Our lovely Bonnie is dead and there is an emptiness in the house.
She was a rescue from the pound - maybe 2 years old, not long had a litter and so thrilled to meet me. Leaping up to hug you was an endearing habit which I could never break her of - it took arthritis to stop her. Bonnie was the obvious name - "the child that's born on the Sabbath day is bonnie, blithe, good and gay". She was a lovely Rottweiler, wonderful temperament and nice conformation. She was definitely bonnie, blithe and gay - good, well, she was good according to her lights, and certainly an easy dog to live with.

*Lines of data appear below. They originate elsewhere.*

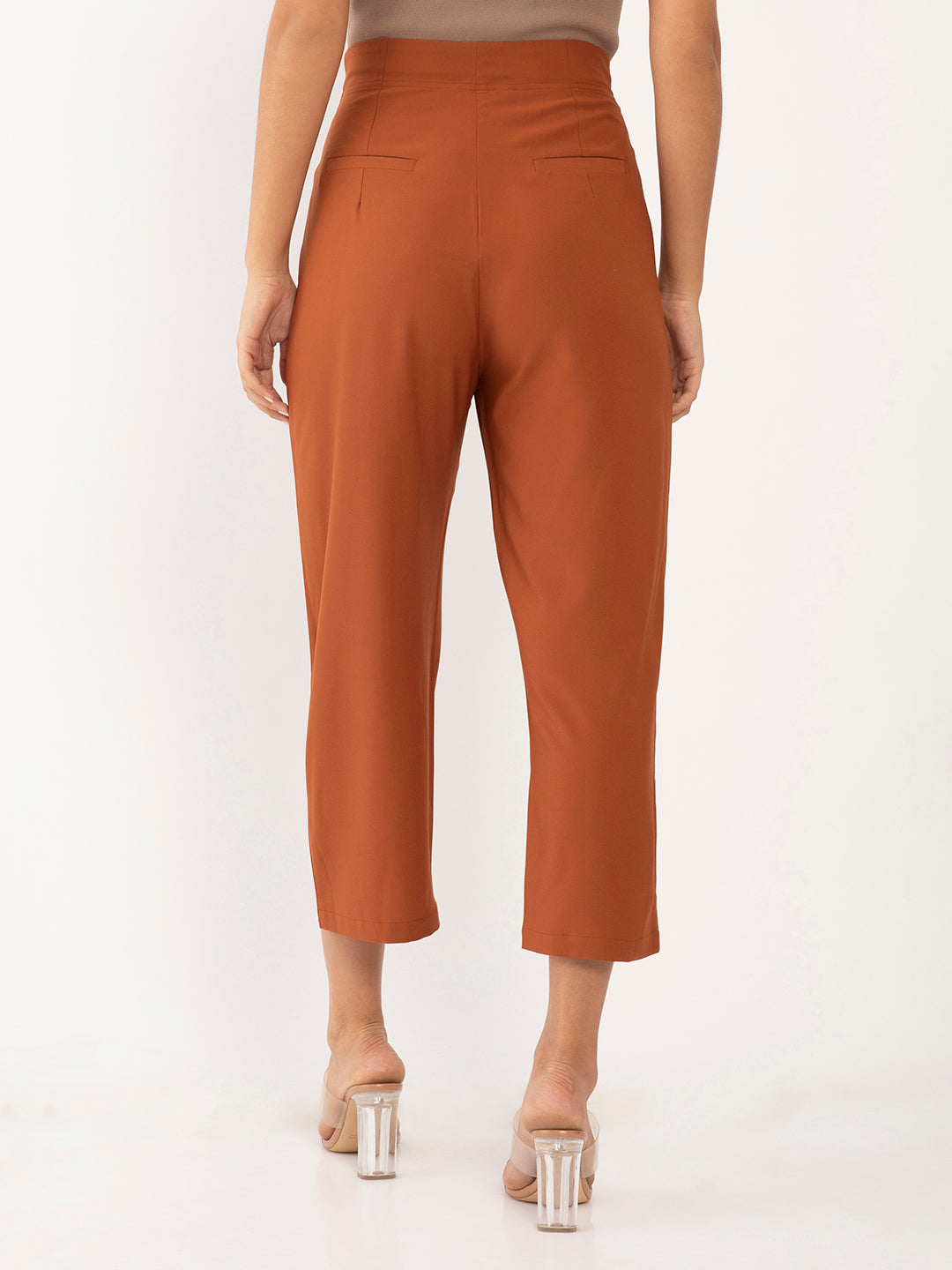 Brown Solid Pleated Trouser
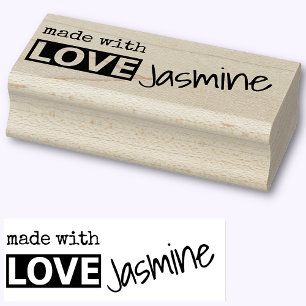 Made with Love Simple Stylish Text Custom Name Rubber Stamp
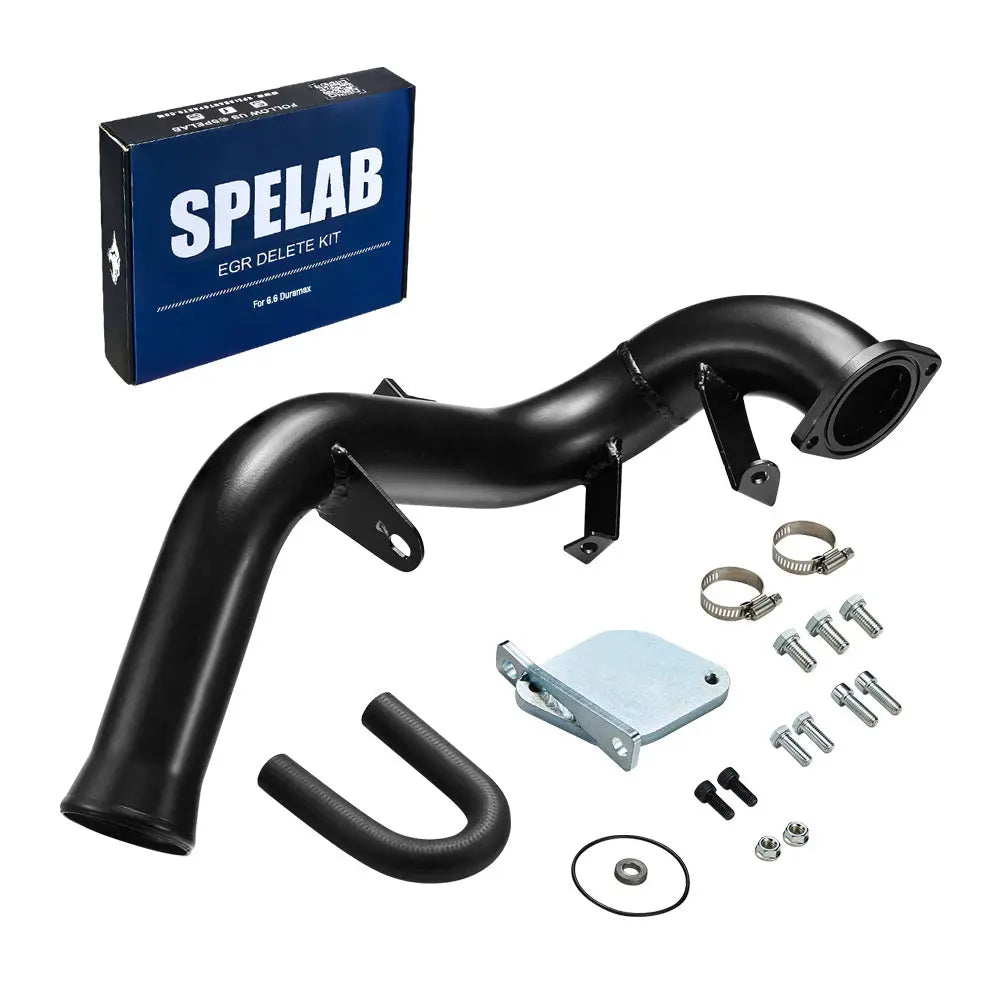 Black high-flow intake elbow with welded mounting tabs and a 4-bolt flange, plus a U-shaped rubber hose, silver block-off plate, two clamps, bolts and O-ring for the 2007.5-2010 6.6L Duramax LMM EGR delete kit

Don't get me wrong, she had her quirks. She was top dog and kept the others in their place, a busy-body who absolutely HAD to know what was going on. This meant racing from the front porch to the back one several times a day or whenever something might be happening. She would intermittently get gunky ears that would need cleaning and annointing. She tore a cruciate ligament and had to be crated for a couple of weeks - and I have photos of my stepson in the crate with her.
Bonnie was loyal and loving. She smiled and wriggled her whole body with joy. She could also look guilty for absolutely no reason at all. She adored her special people and would happily sit on their laps or keep nudging them for cuddles.
If you sang to her ("she's a bon, she's a bon, she's a bon, yeah, yeah, yeah" - to the tune of she's a mod), she would grin and wiggle. Overnight visitors would be checked up on and kept warm by her, given half a chance.
Our Bonnie is gone, and we miss her.